Vladimir Putin’s ‘worst nightmare’ as another country cuts ties with Moscow

The Czech Republic has managed to cut ties with Russian oil supplies for the first time in its history
The Czech decision is a blow to Putin’s already faltering economy (Image: Getty)
The Czech Republic is toasting to energy autonomy, having successfully severed its reliance on Russian oil, striking a formidable blow to Russia‘s faltering economy.
In an announcement that has caught significant attention, Czech authorities have, for the first time, distanced their nation from Eastern oil suppliers just hours after Russia issued a three-word threat to NATO.
It comes after JD Vance caused outrage across Europe following a ‘jerk’ comment with a fellow world leader.
The Czech Republic’s move – coming amid NATO fears that Russian sabotage campaigns could cause a “worldwide blackout” —has been driven by completed upgrades to the Transalpine (TAL) pipeline, which have increased the flow of Western-sourced oil.
During an appearance on Czech TV, Prime Minister Petr Fiala acknowledged the arrival of the first amplified deliveries via the pipeline at a key oil depot, which has been a regular target for attacks in the Ukraine-Russia war, underscoring oil importance to Russia.
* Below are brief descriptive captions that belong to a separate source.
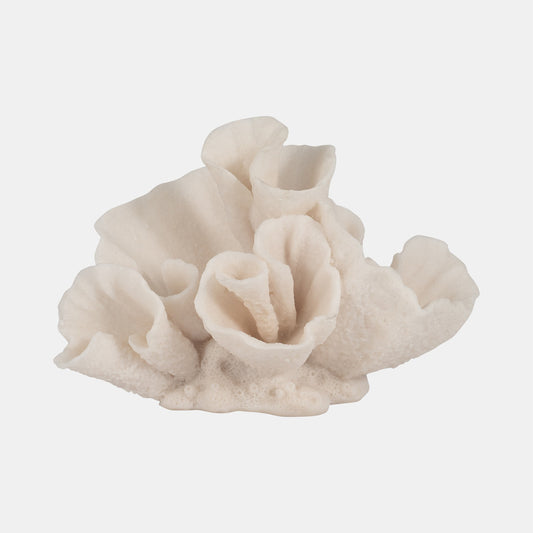 Resin, 12"D Coral Tray, Ivory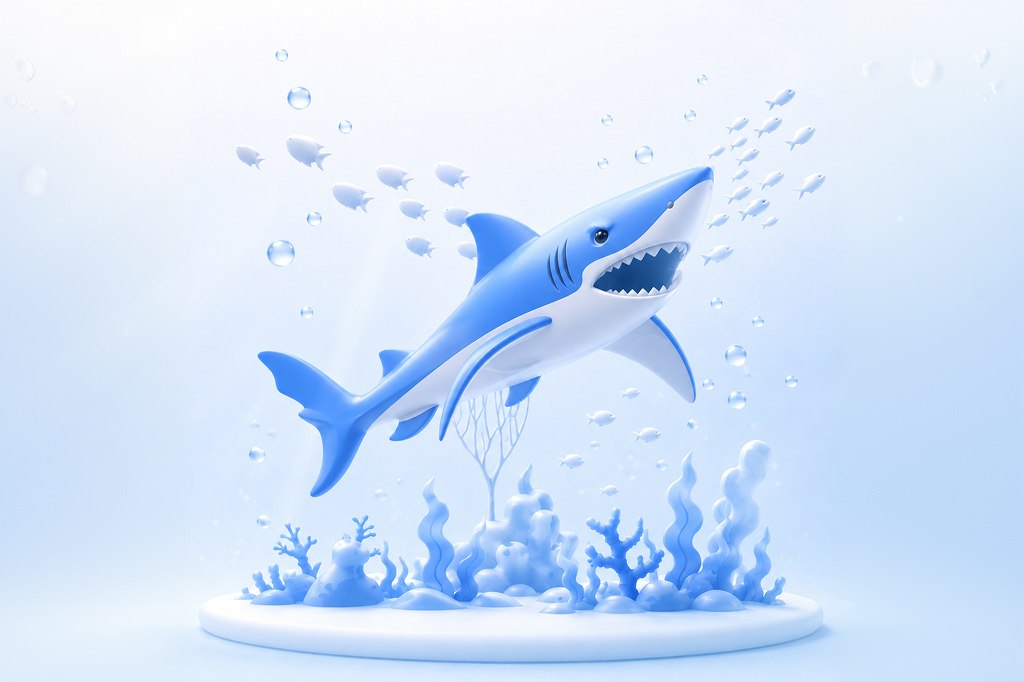 A shark swimming — illustration for an active, growing crypto portfolio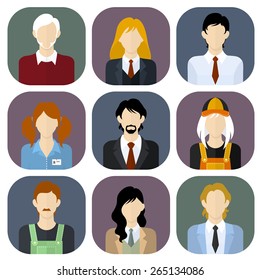 Business team flat style icons set. Men and women in different clothes and hairstyles. Vector illustration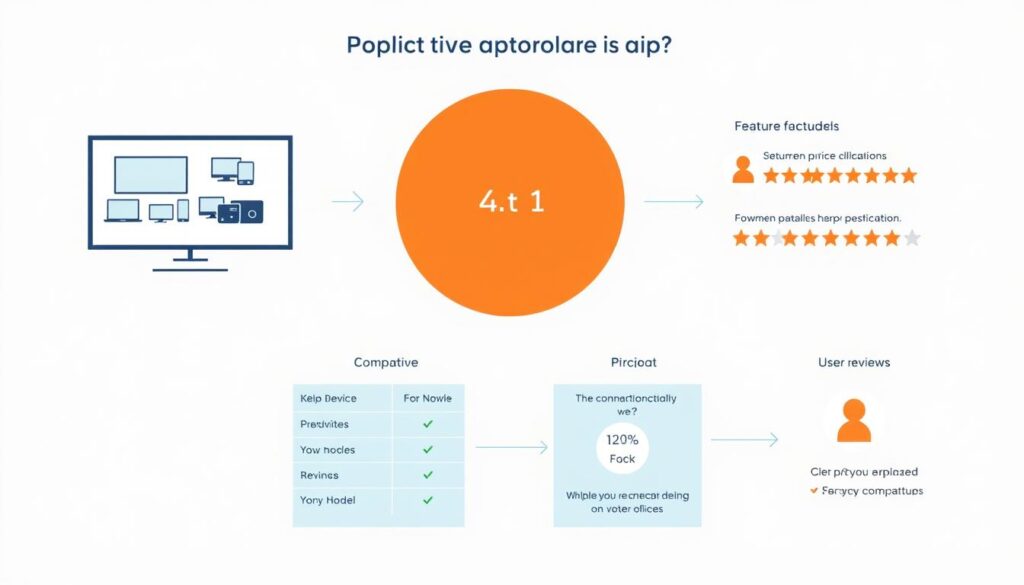 Decision factors when choosing an IPTV app showing device compatibility and feature comparison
At the Nelahozeves facility near Prague, Premier Fiala celebrated, “After roughly 60 years, our dependence on Russia has ended. For the first time in history, the Czech Republic is completely supplied by non-Russian oil and fully supplied through western routes.”
Traditionally, nearly half of the Czech Republic’s yearly requirement for oil was sourced from Russia through the Druzhba pipeline, a fact underscored by reports from Reuters news agency.
The Czech pipeline operator MERO announced the successful implementation of upgrades to the TAL pipeline by the end of 2024, allowing oil from Trieste, Italy, to be transported efficiently to Germany, with onward connections to the Czech Republic via the Ingolstadt–Kralupy–Litvinov line, as per a report by the Express.
Czech Premier Fiala (Image: (Image: Getty))
Former Head of the National Bank of Ukraine, Kyrylo Shevchenko, underscored the upgrade’s significance, noting that it enables the Czech Republic to import eight million tonnes of crude oil each year.
In a bold announcement on social media, Mr. Shevchenko proclaimed: “For the first time in its history, the Czech Republic has fully cut off Russian oil.”
He added, triumphantly: “Following the upgrade of the TAL pipeline from the West, the country can now import up to 8M tonnes of crude annually- enough to cover the full capacity of its refineries. Another customer lost for the Kremlin.”
Data from Reuters, drawing on stats from the Industry Ministry, show that the Czech Republic brought in 6.5 million tonnes of oil in 2024, with the Druzhba pipeline accounting for a significant 42% of this inflow, down from a two-year stint where Russian imports once constituted 58%.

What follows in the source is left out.